TÜİK sendikacılığı ile nereye kadar?
Sendika içi bu bölünmüşlük sendikalar arası rekabet ile birleşince, mücadele değil münazara örgütüne dönüşen sendikaları, tek adam yönetimi açısından çekip çevirmek daha da kolaylaşmaktadır.
Fotoğraf: Evrensel
İlhan KARAKURT
Antalya
Birleşik Kamu İş’in 9 Haziran’da TÜİK önünde basın açıklaması yapmasına polis müdahale ederek engellemişti. 1 Temmuz’da ise KESK’in yine TÜİK önünde basın açıklaması yapmak istemesine polis müdahale ederek izin vermedi!

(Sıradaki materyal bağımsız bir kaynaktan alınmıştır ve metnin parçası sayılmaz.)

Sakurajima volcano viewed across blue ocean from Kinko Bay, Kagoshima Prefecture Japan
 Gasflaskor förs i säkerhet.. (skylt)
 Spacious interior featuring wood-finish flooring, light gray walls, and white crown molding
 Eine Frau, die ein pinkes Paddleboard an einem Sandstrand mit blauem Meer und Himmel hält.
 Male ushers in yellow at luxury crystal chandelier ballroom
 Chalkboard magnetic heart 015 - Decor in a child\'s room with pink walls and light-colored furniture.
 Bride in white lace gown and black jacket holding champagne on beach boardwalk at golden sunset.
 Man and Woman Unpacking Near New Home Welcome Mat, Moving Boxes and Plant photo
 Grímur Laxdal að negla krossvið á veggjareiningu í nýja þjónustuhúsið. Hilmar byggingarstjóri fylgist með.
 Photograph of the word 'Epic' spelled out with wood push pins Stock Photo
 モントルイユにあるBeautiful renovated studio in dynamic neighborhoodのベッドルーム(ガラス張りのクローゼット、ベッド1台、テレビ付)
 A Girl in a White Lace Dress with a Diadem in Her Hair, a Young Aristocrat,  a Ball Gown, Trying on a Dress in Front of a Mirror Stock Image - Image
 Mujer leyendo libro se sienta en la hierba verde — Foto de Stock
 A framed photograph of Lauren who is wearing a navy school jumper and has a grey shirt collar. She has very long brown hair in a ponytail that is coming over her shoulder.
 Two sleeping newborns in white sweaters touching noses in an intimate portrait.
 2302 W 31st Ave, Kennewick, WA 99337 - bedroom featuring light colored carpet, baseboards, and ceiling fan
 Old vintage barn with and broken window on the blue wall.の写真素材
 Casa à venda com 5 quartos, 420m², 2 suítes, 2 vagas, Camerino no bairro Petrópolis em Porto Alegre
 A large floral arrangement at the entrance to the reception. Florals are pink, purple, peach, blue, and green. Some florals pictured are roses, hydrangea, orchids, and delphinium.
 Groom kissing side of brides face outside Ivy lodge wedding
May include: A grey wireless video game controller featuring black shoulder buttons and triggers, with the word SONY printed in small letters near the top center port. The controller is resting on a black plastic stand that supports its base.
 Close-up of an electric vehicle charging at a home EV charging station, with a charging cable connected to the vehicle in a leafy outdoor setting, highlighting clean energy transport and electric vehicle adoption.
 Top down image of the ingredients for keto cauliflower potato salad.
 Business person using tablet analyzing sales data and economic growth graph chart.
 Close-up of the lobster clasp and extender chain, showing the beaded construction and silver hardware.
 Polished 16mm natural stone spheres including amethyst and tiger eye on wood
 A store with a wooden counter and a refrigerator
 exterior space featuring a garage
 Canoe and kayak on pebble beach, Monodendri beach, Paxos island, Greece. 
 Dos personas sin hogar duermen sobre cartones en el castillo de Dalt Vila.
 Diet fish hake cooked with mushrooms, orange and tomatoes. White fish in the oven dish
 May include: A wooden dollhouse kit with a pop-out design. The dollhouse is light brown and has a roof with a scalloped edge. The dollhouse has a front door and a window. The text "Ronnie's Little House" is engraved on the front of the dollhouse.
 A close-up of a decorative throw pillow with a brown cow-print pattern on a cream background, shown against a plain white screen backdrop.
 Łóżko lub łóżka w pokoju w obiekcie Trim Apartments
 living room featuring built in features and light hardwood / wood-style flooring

Elbette, kamu emekçilerinin ücretlerine yapılacak zammın belirlenmesinde TÜİK’in enflasyon rakamlarının esas alınması, dolayısıyla da sendikaların TÜİK’i hedef göstermesi ve önünde açıklama yapmak istemesi anlaşılır bir durumdur. Baştan söyleyelim, sendikacılara yönelik yapılan engelleme ve polis müdahalesi kabul edilemez. Ancak, bu polis müdahalesine tepki, gölgesinde kalan acı gerçekliği görmemizi engellememelidir. Şöyle ki; işyerleri ve üyeleri ile bağları pamuk ipliği kadar zayıf olan her iki sendika yöneticilerinin 40-50 kişi ile TÜİK’e karşı “sefer düzenlemeleri” iki açıdan izaha muhtaçtır.
1- “Sendikal mücadeleden” ve buna bağlı olarak hükümetin sahte enflasyon rakamları yayımlama merkezi olan TÜİK’i “protesto” etmekten, sadece ve sadece sendika üst yöneticilerinin, o da bir kısmının “basın açıklaması” yapmalarının anlaşılmasıdır.
2- Her iki konfederasyonun aynı şeyi, ayrı ayrı yaparak farklı sonuçlar beklemesi mevcut sendikal anlayışın geldiği noktayı göstermesi açısından “ibretlik!” bir durumdur.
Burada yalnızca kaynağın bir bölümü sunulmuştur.